Last week I was given some antlers. I set up a fan to cary away the dust and went at it. To my suprise I made a very nice pipe on the first try. My friend saw it and wanted one. I made one for him. He showed it to other friends. So far I have made ten pipes. I do belive I could make a few bucks with this. I am still looking for links or how to information on antler carving antlers and pipe making. However, on the job training works well too.


----------



## CraftyDiva (Aug 26, 2003)

Have you checked "Woodcarving" sites? Seems you'd be using the same type of tools, you might get some help there.


----------



## Wisconsin Ann (Feb 27, 2007)

antler carving is a bit like woodcarving..as to deciding what to carve, how to follow the curves, etc. antler is a great deal harder, so if you use a rotary tool, you'll want to use a better bit The steel bits used for wood work well. polishing is easy. simply buffing with a wheel works well. you can add a carnuba or beeswax for a sealing shine.

If you want more traditional methods of carving, using GOOD quality carving tools, or engraving tools for more detail, work very well. 

i've done buttons and such. they're durable...but brittle under the right conditions. well..the WRONG conditions, if you know what I mean  antler is a good source of food for wild critters, so you'll want to keep the antler products safe. 

for antler carving techniques, try looking for buckskinner sites. or knife handles. lots of antlers get turned in to knife handles.

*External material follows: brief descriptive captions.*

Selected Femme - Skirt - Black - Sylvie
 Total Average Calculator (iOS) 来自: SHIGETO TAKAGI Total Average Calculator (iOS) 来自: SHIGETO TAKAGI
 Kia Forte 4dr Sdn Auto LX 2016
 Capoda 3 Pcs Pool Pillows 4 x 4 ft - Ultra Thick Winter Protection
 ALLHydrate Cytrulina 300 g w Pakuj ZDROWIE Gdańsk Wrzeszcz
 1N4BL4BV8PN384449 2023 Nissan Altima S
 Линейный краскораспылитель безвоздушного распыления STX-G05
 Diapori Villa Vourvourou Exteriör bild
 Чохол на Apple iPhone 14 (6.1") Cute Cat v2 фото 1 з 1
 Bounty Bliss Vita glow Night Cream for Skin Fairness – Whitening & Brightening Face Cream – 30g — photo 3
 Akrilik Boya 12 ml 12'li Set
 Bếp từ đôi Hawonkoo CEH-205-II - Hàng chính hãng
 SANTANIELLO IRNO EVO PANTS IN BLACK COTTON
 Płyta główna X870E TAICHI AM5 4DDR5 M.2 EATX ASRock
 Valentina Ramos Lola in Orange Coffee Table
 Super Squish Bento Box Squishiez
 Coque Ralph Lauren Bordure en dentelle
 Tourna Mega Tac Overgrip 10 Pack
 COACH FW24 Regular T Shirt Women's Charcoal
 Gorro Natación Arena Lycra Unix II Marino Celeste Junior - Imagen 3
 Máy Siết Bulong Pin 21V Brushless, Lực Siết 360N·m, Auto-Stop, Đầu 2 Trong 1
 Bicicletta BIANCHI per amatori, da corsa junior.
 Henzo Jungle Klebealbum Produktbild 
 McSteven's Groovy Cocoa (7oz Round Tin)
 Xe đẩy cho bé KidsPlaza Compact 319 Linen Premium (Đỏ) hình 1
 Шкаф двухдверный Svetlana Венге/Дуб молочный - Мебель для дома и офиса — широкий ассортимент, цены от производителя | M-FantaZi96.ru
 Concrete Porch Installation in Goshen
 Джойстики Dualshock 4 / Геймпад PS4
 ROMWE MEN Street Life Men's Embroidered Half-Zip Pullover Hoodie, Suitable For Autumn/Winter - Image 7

as to pipe making. I've seen pipes in a lot of sizes...but they all have a similar inside. place to tamp in the tobacco, and a long small diameter tube going from the tobacco to the mouth. I'd probably follow the way the antler curves for the stem of the pipe. Or cutting off pieces to drill out the stem, then attaching it, like a good chair leg, to the bowl of the pipe. that's often how meershaum pipes are made. (boy, did I massacre the spelling on meershaum). Making a pipe "take downable" would be good for storing or carrying around...the stem wouldn't break off.


----------



## silentcrow (Mar 15, 2005)

http://www.bonecarver.com/

Try the guy on this site. I know him, he's friendly and helpful, and does beautiful work!


----------